本名(Pincas)の文字を入れ替えたパスキン(Pascin)の名を用いるようになる。
油彩は独学。まだパスキン画風ではなく、総じて固い感じ。
なお、1920年代までは積極的に作品を発表していなかったという。
第3部:アメリカ<1914/15–1920>
1914年、戦火のヨーロッパを逃れ、アメリカへ行く。
1918年、エルミーヌと結婚。
1920年、アメリカ国籍を取得。
1913年に出品した国際現代美術展のアーモリー・ショーで高く評価されたことから、アメリカでは既に画家として名前を知られていた。

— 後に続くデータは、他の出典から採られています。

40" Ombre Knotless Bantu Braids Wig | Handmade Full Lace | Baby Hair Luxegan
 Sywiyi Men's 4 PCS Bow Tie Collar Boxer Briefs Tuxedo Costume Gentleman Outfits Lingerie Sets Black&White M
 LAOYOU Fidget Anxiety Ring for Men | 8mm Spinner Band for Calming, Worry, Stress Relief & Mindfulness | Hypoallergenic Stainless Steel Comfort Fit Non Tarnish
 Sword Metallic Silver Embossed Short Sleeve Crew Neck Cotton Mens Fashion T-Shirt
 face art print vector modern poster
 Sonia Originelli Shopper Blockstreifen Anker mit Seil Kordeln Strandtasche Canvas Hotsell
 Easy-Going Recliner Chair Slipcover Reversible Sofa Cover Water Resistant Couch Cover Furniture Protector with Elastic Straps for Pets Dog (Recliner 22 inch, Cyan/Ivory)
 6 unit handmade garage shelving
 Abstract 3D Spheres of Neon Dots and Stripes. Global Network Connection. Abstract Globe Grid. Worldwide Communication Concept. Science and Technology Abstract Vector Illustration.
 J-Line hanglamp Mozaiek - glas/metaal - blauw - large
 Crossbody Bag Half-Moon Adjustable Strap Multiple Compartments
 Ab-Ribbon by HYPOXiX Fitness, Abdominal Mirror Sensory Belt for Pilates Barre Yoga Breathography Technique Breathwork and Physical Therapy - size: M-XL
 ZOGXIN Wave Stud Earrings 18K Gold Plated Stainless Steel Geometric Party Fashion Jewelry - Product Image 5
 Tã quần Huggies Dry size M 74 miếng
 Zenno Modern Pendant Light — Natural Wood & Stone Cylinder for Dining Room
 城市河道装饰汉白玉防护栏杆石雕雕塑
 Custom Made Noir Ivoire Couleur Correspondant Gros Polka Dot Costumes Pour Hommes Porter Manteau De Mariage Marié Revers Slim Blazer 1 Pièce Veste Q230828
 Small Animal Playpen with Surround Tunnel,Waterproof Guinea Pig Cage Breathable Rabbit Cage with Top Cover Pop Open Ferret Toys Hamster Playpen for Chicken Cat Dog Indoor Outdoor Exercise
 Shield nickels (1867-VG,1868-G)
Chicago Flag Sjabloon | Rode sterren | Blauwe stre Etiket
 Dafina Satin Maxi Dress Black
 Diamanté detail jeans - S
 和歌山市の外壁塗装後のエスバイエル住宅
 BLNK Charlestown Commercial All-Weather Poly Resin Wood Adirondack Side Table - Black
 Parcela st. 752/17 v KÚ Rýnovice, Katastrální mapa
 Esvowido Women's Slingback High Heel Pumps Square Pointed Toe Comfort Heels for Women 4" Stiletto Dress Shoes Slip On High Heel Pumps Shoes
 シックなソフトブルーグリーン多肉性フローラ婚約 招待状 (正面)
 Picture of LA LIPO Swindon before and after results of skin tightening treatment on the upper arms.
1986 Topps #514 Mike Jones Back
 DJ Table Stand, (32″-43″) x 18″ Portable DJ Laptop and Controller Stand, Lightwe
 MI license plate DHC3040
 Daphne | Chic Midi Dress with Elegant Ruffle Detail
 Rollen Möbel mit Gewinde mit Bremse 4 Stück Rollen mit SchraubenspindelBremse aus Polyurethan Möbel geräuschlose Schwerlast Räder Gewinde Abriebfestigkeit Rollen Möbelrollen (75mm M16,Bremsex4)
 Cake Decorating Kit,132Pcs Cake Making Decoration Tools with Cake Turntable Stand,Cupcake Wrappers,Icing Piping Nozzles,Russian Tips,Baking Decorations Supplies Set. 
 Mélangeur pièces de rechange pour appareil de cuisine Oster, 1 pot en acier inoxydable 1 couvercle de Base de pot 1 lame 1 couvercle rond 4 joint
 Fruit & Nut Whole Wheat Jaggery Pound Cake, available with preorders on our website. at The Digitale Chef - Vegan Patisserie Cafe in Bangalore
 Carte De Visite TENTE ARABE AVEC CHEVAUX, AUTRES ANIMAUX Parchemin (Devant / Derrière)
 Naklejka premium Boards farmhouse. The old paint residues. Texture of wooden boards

冬はアメリカ南部やキューバで過ごし、地域色豊かな作品を制作する。
第4部:狂騒の時代<1920–1930>
パート1;スタイルの獲得
パート2;素描、版画など
パート3;真珠母色の絵画
1920年、パリに移住し、モンマルトルにアトリエを構える。
1924-25年頃、絵画スタイルの成熟期を迎える。
1927年頃から、批評家たちから「真珠母色の時代」と称されるようになり、絶頂期を迎える。
1929年、画廊と契約を結び、芸術家としての自由を失ったと感じる。
1930年、アトリエで自死(45歳)
「狂騒の時代」、高い評価を受けて、次々と作品が売れた時代の寵児、「エコール・ド・パリの貴公子」だったらしい。
愛人リュシーとの不毛な愛、画商との契約問題、放蕩な生活・・・・は、この時代の画家お決まりのエピソード。
第4部の油彩画(その時代は10年に満たないのですね)は、いいなと思う作品が揃っていて、パスキンには関心外の私も楽しめる。
しかし、女性モデルを描いた作品ばかりだ。キャプションでは、画家の優しい/親密な視線が強調されている感。